§ **Work request**: Everything in the data that follows should be given again verbatim, except the images.

§ **Data excerpts**:

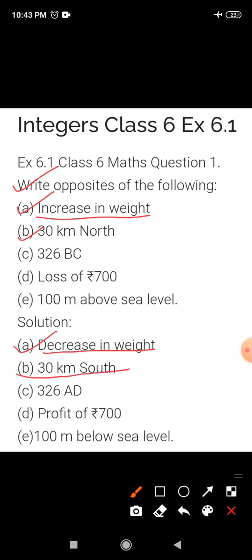Next is C, 326 BC. Now here BC means Before Christ, so its opposite is Anno Domini. So its answer is 326 AD. Students, AD or BC denotes which years — that is where we use it.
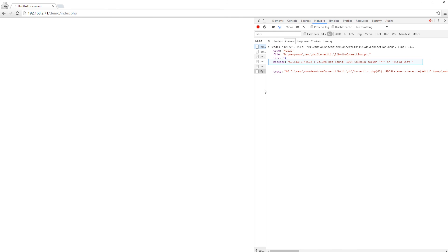In our case, you see that we are trying to work with a column which doesn't exist in the database. Now, we know what the error is and we can fix this easily by checking our database and our query.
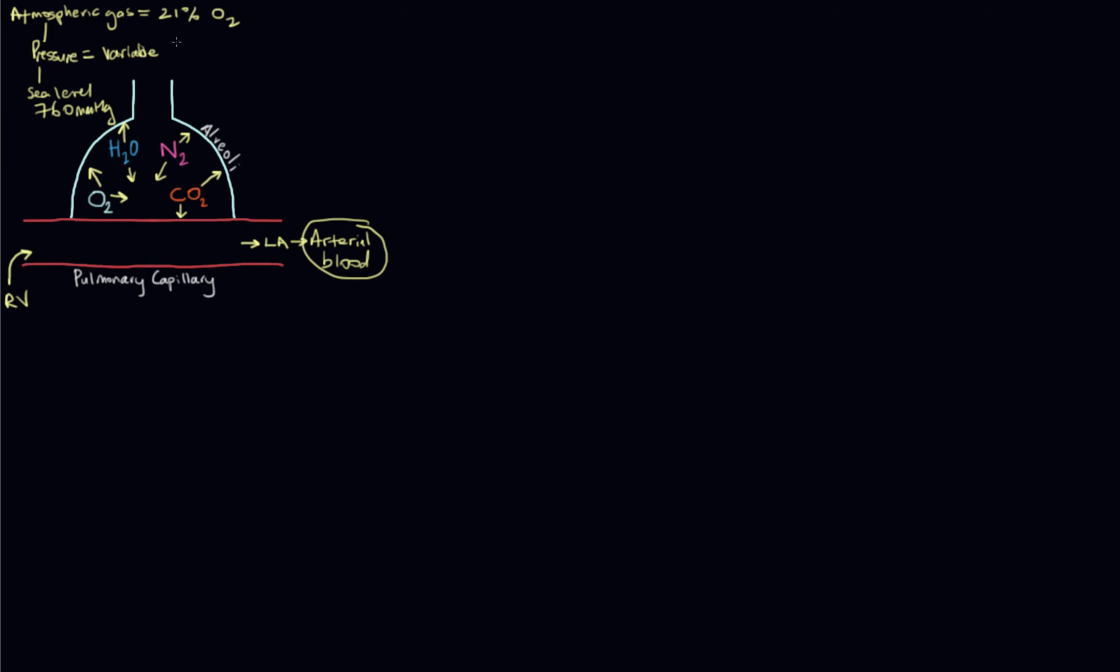When we breathe gas in, it goes through our upper airway and it's warmed and humidified. When the mucosa of the nasal passages and upper respiratory tract warm and humidify gas, that water vapor exerts a pressure as well. Because that pressure can't be water vapor and oxygen, that takes away from the total pressure that oxygen can be part of, so we have to factor that in.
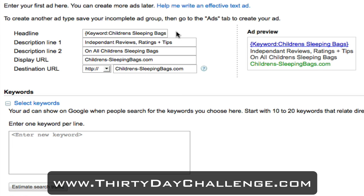The third element is the display URL - this is how the URL of your website is displayed to users on the Google results page. I always get rid of the HTTP and www and type in the address as minimalistic as possible, using capital letters to ensure it's readable. So Children's-Sleeping-Bags with capital C, S and B will make that stand out. And then the final element is the destination URL - the actual landing page people will go to once they click on your advert - which should just be the homepage of your website.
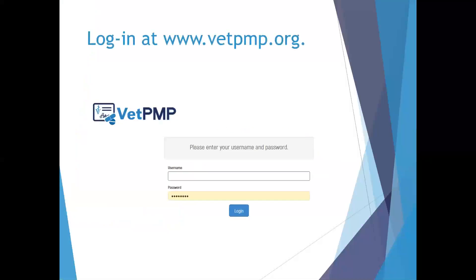You're going to go to vetpmp.org and enter your username and password. If you have never logged in before, I recommend watching the webinar on how to set up your account.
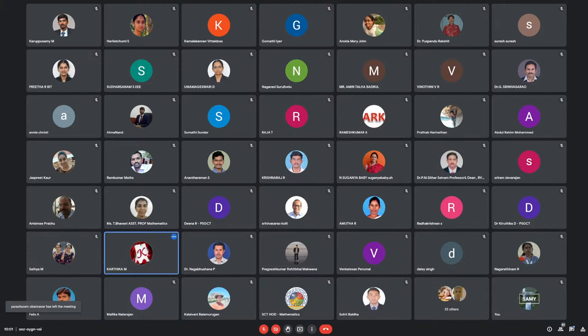He is currently guiding six PhD research scholars, has contributed 49 research articles, and delivered 25 invited talks at various workshops, seminars, conferences, and faculty development programs. With that short note, I request Dr. Felix to take over the session.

§ **Exercise solution**:
Next is C, 326 BC. Now here BC means Before Christ, so its opposite is Anno Domini. So its answer is 326 AD. Students, AD or BC denotes which years — that is where we use it.
In our case, you see that we are trying to work with a column which doesn't exist in the database. Now, we know what the error is and we can fix this easily by checking our database and our query.
When we breathe gas in, it goes through our upper airway and it's warmed and humidified. When the mucosa of the nasal passages and upper respiratory tract warm and humidify gas, that water vapor exerts a pressure as well. Because that pressure can't be water vapor and oxygen, that takes away from the total pressure that oxygen can be part of, so we have to factor that in.
The third element is the display URL - this is how the URL of your website is displayed to users on the Google results page. I always get rid of the HTTP and www and type in the address as minimalistic as possible, using capital letters to ensure it's readable. So Children's-Sleeping-Bags with capital C, S and B will make that stand out. And then the final element is the destination URL - the actual landing page people will go to once they click on your advert - which should just be the homepage of your website.
You're going to go to vetpmp.org and enter your username and password. If you have never logged in before, I recommend watching the webinar on how to set up your account.
He is currently guiding six PhD research scholars, has contributed 49 research articles, and delivered 25 invited talks at various workshops, seminars, conferences, and faculty development programs. With that short note, I request Dr. Felix to take over the session.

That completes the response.